What to produce
Below are some records. Write out exactly their lines from the one with "Chicago White Sox" through the one with "سیمکارت رایتل سراسری TL13", and leave the pictures behind.

Data records
>>>>
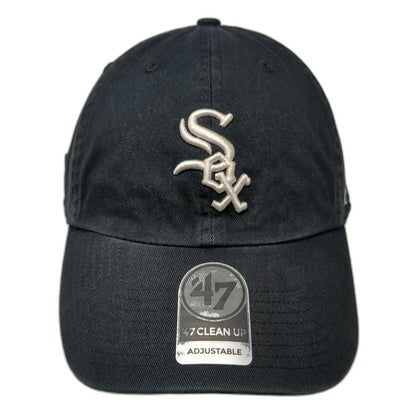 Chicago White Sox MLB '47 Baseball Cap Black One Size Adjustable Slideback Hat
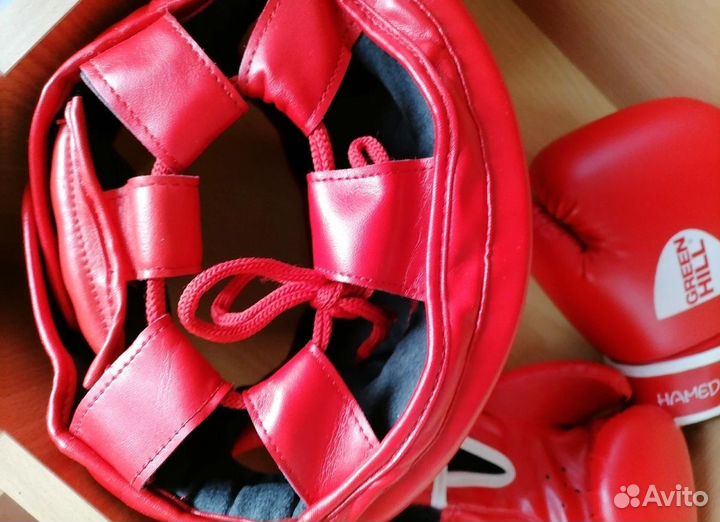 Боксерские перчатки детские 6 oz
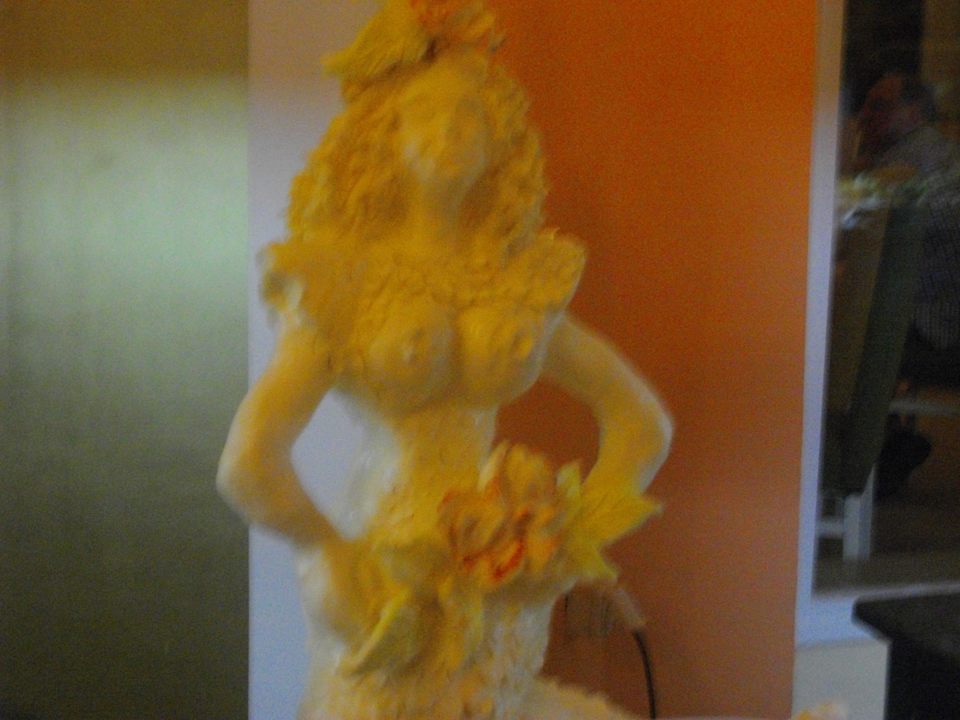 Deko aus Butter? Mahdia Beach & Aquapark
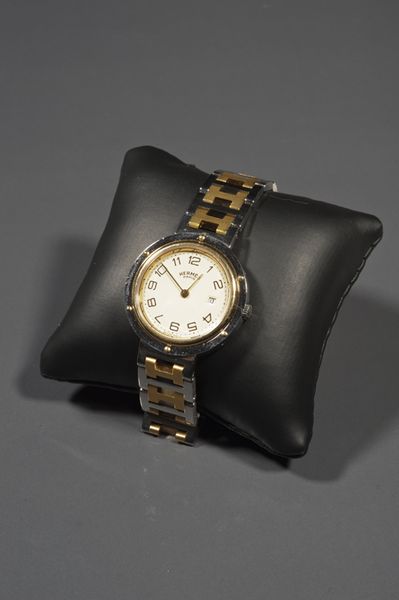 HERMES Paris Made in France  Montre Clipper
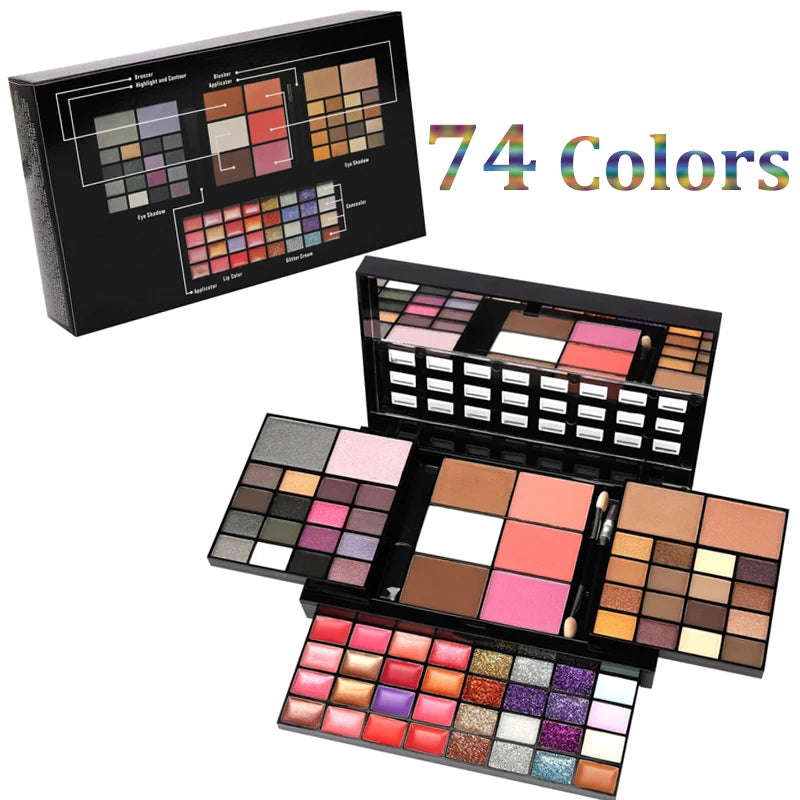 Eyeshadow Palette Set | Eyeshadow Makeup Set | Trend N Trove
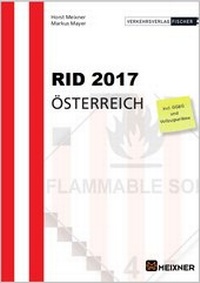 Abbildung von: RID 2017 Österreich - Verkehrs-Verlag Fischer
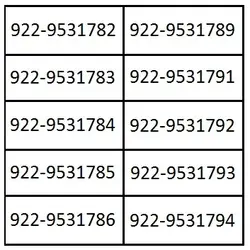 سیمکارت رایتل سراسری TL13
<<<<
>>>>
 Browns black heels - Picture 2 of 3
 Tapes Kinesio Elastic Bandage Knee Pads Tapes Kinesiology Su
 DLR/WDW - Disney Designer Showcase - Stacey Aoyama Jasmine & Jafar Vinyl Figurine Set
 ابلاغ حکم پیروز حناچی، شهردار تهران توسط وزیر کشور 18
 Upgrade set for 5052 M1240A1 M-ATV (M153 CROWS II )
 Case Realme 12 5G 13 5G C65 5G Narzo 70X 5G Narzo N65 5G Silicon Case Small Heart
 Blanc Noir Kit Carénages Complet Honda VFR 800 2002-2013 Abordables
<<<<
>>>>
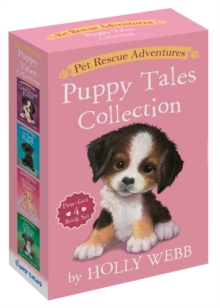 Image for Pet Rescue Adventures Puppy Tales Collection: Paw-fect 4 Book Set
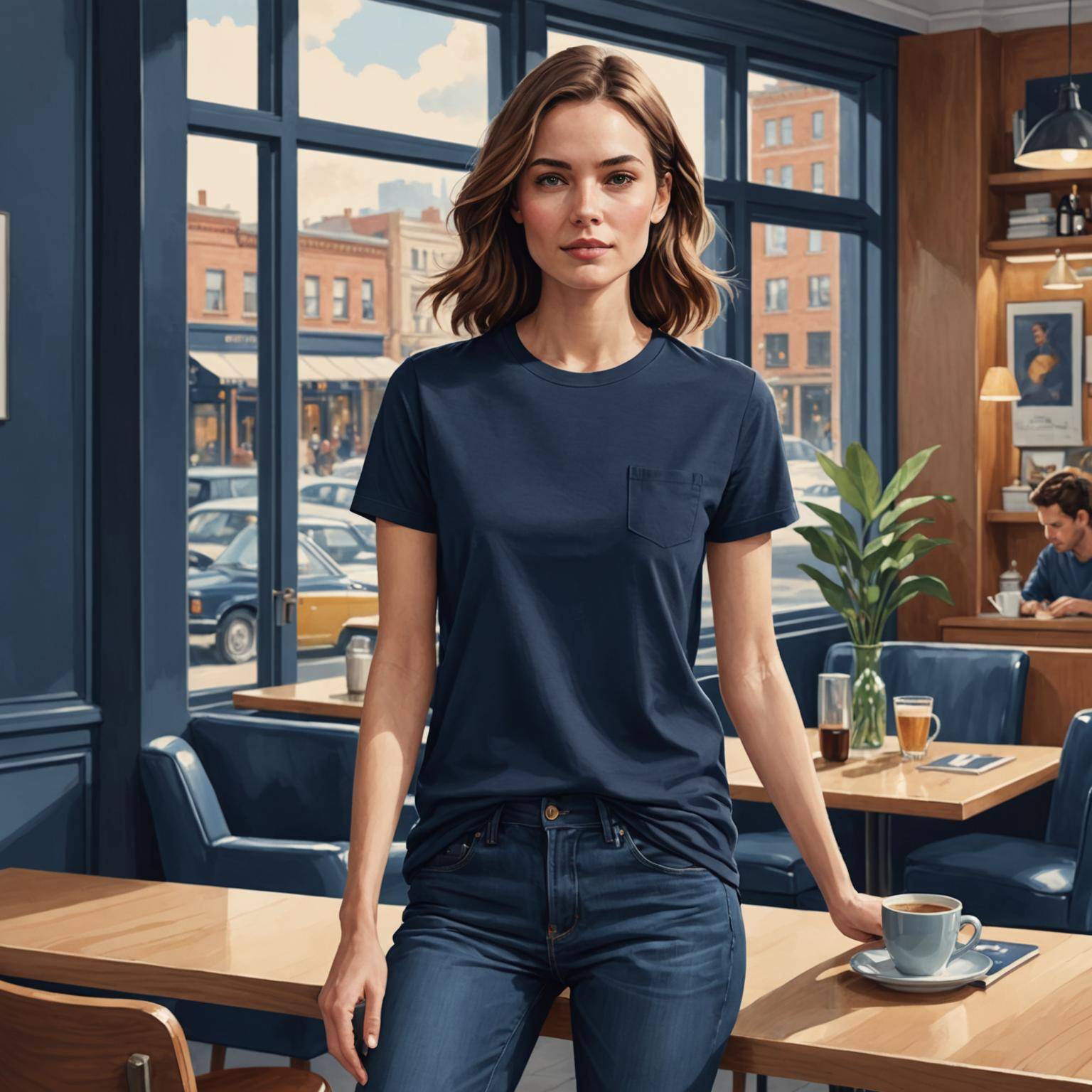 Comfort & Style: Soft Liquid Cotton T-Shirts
<<<<
Solution to the exercise
 Chicago White Sox MLB '47 Baseball Cap Black One Size Adjustable Slideback Hat
 Боксерские перчатки детские 6 oz
 Deko aus Butter? Mahdia Beach & Aquapark
 HERMES Paris Made in France  Montre Clipper
 Eyeshadow Palette Set | Eyeshadow Makeup Set | Trend N Trove
 Abbildung von: RID 2017 Österreich - Verkehrs-Verlag Fischer
 سیمکارت رایتل سراسری TL13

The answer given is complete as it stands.